### Task objective:
Would you repeat exactly the part of the listing below that runs from the line containing "Mangalsepetim Kulplu Sac" down to the line containing "Image 13 of 53 For 2911 74th St W", inclusive, and nothing else?

### Extracted material:
----

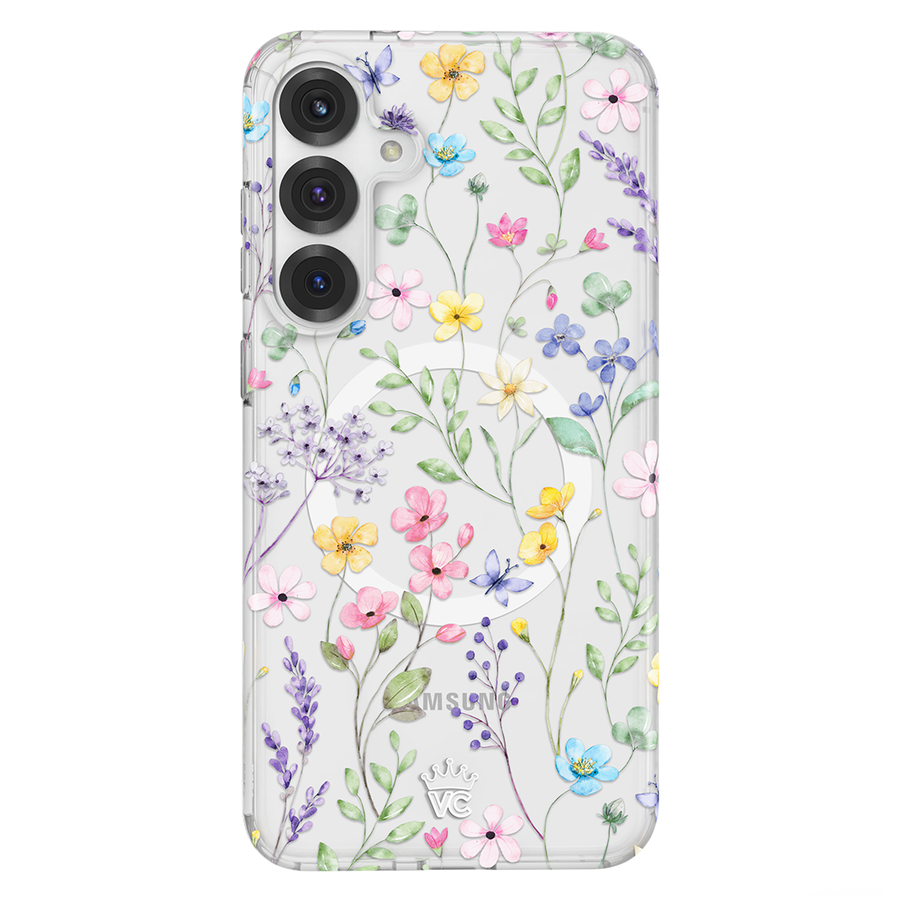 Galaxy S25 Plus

----

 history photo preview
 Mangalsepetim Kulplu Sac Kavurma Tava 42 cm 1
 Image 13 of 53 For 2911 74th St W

----

### Answer section:
 Mangalsepetim Kulplu Sac Kavurma Tava 42 cm 1
 Image 13 of 53 For 2911 74th St W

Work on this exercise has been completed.